Growing our comfort zone while flattening the curve is a unique situation but it can be done.  Many of us are probably already being stretched simply because we are not working outside our homes, we are spending 24/7 with our families, or we are being charged with homeschooling our children.  We don’t have the luxury of going out to dinner, visiting with friends, or taking in a movie or sporting event like we are accustomed to doing.  These are unprecedented times that we will likely not have to navigate again in our lifetime but can help us to grow and learn. 

In order for us to not just get through this challenging time but to thrive we must be open to growing our comfort zones.  I think this could be an opportunity to get used to being comfortable while being uncomfortable.  What is a comfort zone and how do we grow it?  Merriam-Webster defines comfort zone as “the level at which one functions with ease and familiarity”.  It’s a place you feel like you are in control of your surroundings and you are hesitant to make a change.  As we embrace change and try new things we begin to stretch, expand, and grow.  Are you going to need a shove or a nudge for this growth?  It’s true, most people don’t like change.  People tend to be perfectly content keeping with what they know and following status quo.  In order for us to not only get through this challenging time but to thrive we must be open to growing our comfort zones. 

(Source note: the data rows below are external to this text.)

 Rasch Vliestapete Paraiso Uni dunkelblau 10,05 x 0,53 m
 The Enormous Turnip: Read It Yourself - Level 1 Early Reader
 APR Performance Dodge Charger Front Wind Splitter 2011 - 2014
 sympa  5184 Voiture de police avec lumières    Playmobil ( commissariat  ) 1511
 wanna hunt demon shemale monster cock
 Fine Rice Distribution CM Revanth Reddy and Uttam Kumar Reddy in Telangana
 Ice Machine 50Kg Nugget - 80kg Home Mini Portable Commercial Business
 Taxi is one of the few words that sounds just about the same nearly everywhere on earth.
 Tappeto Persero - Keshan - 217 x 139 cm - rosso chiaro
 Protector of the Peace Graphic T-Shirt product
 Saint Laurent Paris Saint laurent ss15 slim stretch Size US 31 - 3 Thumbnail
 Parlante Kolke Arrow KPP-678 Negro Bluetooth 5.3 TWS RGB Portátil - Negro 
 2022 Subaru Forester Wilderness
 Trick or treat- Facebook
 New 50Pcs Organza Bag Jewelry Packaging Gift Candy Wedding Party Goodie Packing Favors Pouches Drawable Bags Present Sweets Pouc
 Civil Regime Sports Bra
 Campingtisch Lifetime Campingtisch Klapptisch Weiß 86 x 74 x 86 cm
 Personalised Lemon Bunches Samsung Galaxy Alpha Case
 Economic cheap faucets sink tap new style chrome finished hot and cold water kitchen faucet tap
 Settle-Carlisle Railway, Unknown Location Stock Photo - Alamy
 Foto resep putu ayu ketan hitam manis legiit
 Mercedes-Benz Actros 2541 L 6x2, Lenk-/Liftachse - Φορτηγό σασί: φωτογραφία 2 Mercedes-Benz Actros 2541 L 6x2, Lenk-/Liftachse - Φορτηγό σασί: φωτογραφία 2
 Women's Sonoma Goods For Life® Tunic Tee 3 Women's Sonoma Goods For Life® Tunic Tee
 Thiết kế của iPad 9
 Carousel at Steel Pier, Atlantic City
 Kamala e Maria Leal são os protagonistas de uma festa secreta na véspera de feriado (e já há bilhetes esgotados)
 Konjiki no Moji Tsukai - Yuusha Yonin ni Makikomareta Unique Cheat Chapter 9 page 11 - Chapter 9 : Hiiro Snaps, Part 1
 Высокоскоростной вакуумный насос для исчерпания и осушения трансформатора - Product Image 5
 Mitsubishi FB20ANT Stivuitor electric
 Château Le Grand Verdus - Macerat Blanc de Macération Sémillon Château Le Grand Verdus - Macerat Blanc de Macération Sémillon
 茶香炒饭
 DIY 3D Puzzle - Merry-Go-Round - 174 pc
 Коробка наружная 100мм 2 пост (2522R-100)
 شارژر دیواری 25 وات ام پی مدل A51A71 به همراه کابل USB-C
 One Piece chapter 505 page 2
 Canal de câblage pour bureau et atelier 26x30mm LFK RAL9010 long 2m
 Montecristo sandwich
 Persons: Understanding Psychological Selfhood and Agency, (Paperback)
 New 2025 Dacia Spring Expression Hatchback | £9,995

I encourage you to view this time as an opportunity.  An opportunity to focus on your family and yourself.  Embrace the slower pace.  Re-evaluate your routines and seek to try new things or do things differently.  Allow yourself to think outside the box because the way we function over the coming weeks will forever change our lives and the world we live in.  Do your part to flatten the curve and grow your comfort zone!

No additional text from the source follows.